Early Sorrows: For Children and Sensitive Readers
- Author: Danilo Kiš
- Original title: Rani jadi:za decu i osetljive
- Translator: Michael Henry Heim
- Language: Serbo-Croatian
- Publisher: Nolit (Serbo-Croatian) New Directions (English)
- Publication date: 1970
- Publication place: Serbia
- Published in English: 1998
- Pages: 118 (English 1st edition)
- Followed by: Garden, Ashes

= Early Sorrows =

1970 book by Danilo Kiš

Early Sorrows: For Children and Sensitive Readers (Rani jadi: Za decu i osetljive; Рани јади: За децу и осетљиве) is a collection of nineteen short stories by Yugoslav author Danilo Kiš.

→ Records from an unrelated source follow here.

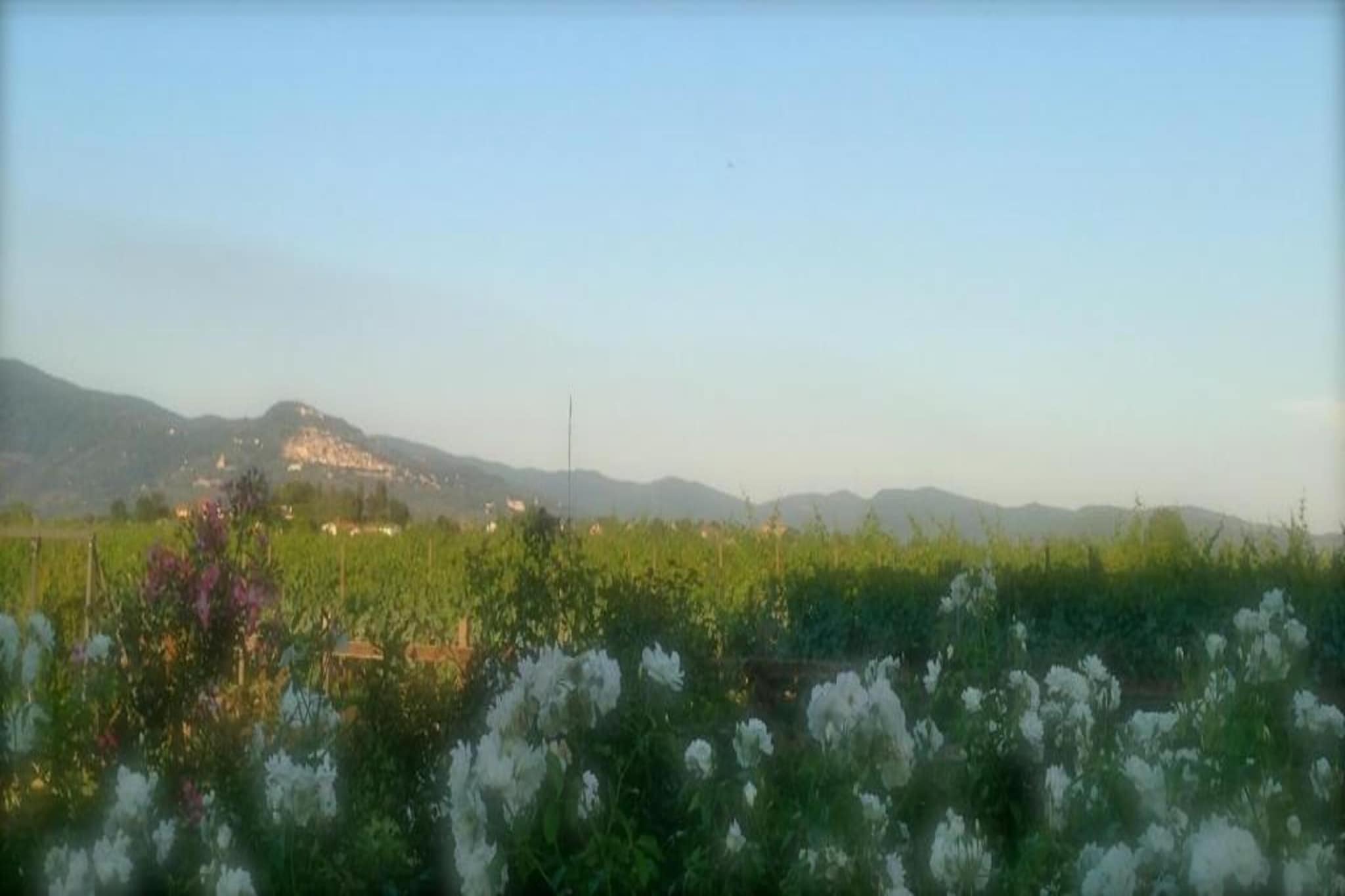 Casale  Valdichiana-Areas summer 20km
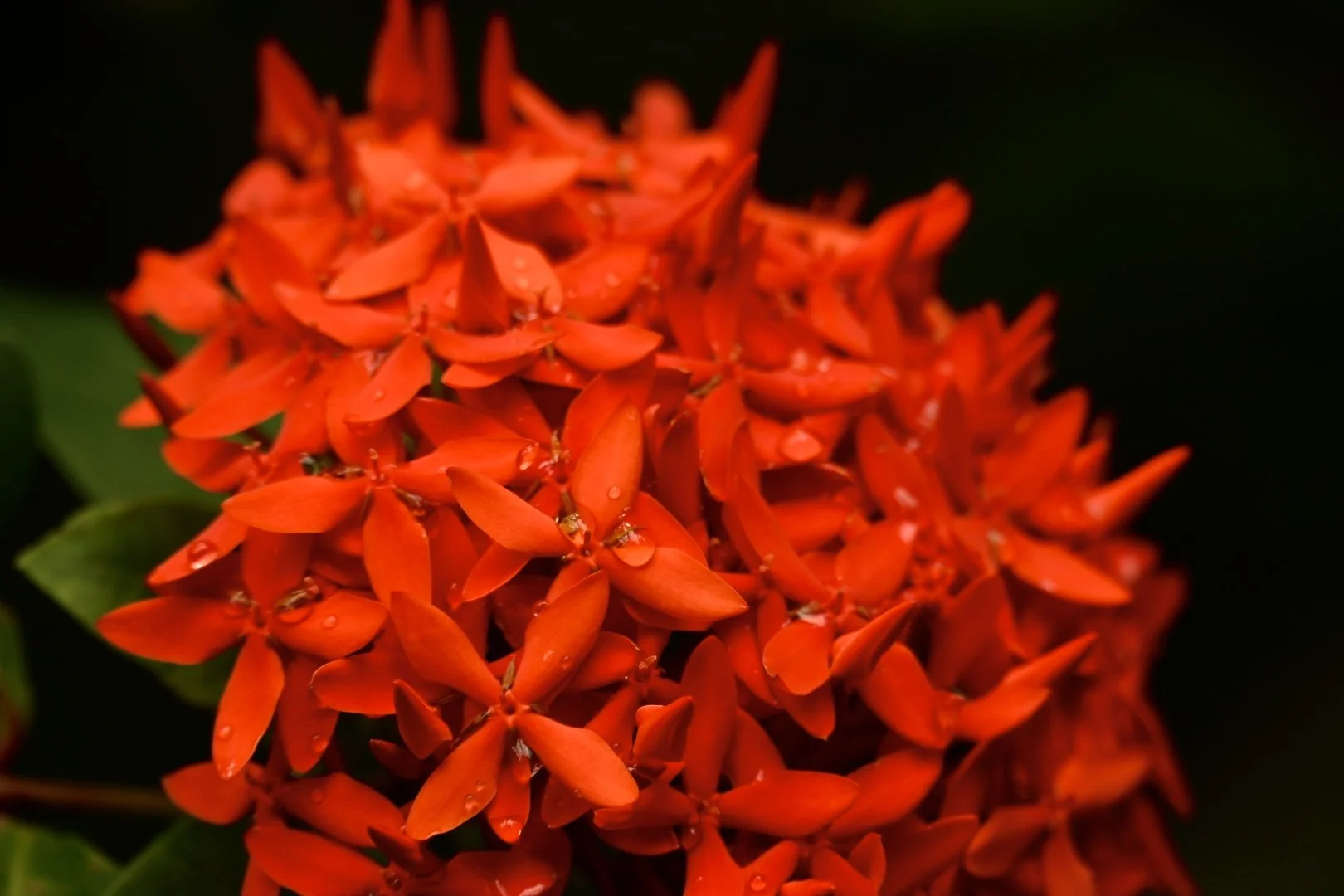 _DSC0378.jpeg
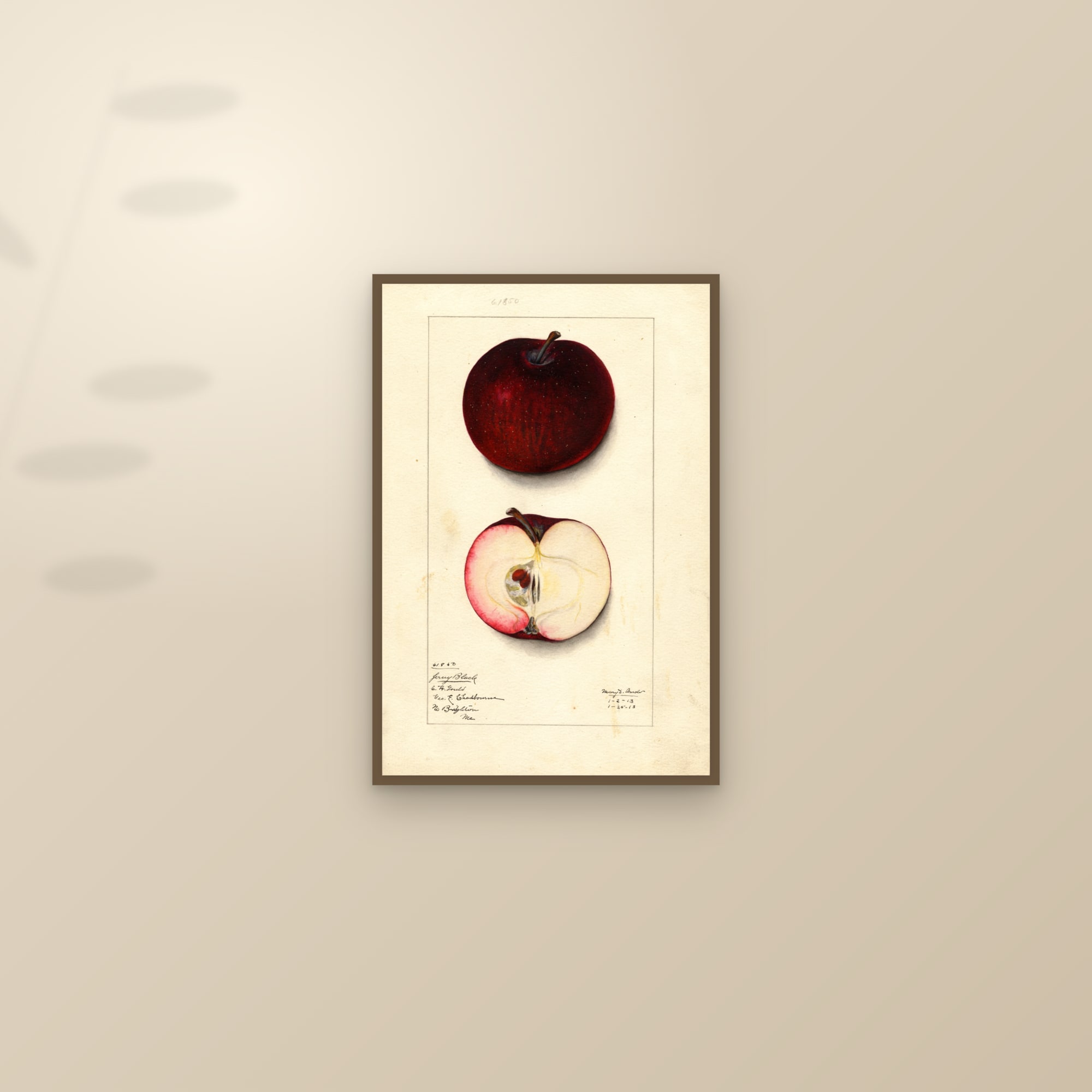 Jersey Black Apple — framed and styled on a sunlit wall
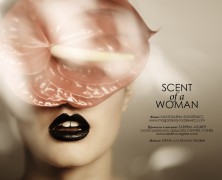 Scent of a Woman 1
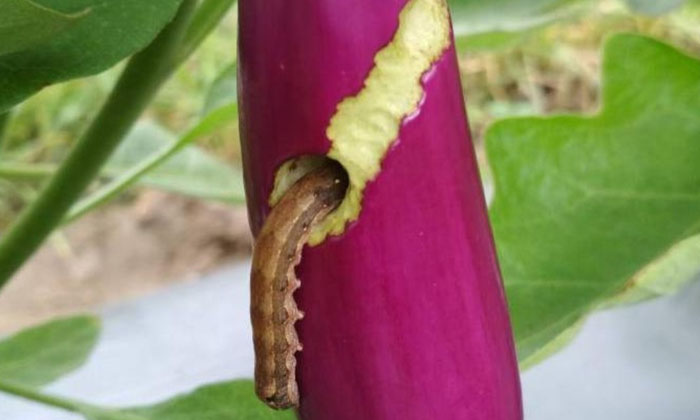 Methods Of Protection Against Helicoverpa Caterpillars Infesting Eggplant Cultiv Methods Of Protection Against Helicoverpa Caterpillars Infesting Eggplant Cultiv-TeluguStop.com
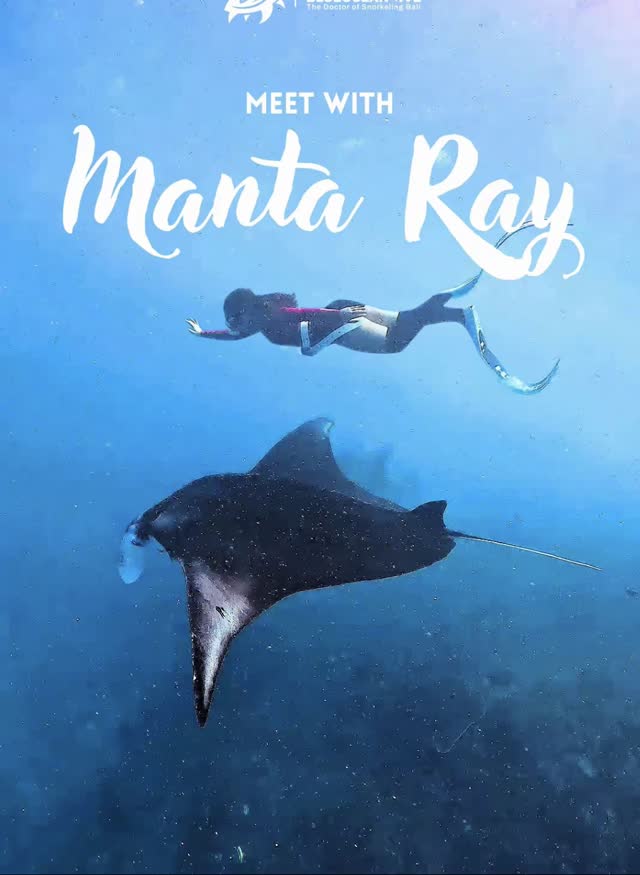 Manta Point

The book is part of what Kiš called his "family cycle" trilogy, consisting of the novels Garden, Ashes (1965), and Hourglass (1972). Though Early Sorrows was published after Garden, Ashes, it is effectively the first novel in the trilogy.

==Summary==
Early Sorrows is composed of vignettes about Andy Sam, a young Serbian boy who works as a cowherd to bring in money for his family. Andy spends most of the day reading.

==Themes==
Like much of Kiš's work, Early Sorrows deals with the Holocaust. Andy's father, like Kiš's own father, is sent to Auschwitz. Notably, it is the only work of Kiš's in which he depicts a scene inside a concentration camp (Andy hallucinates about his relatives who were taken away by Nazis).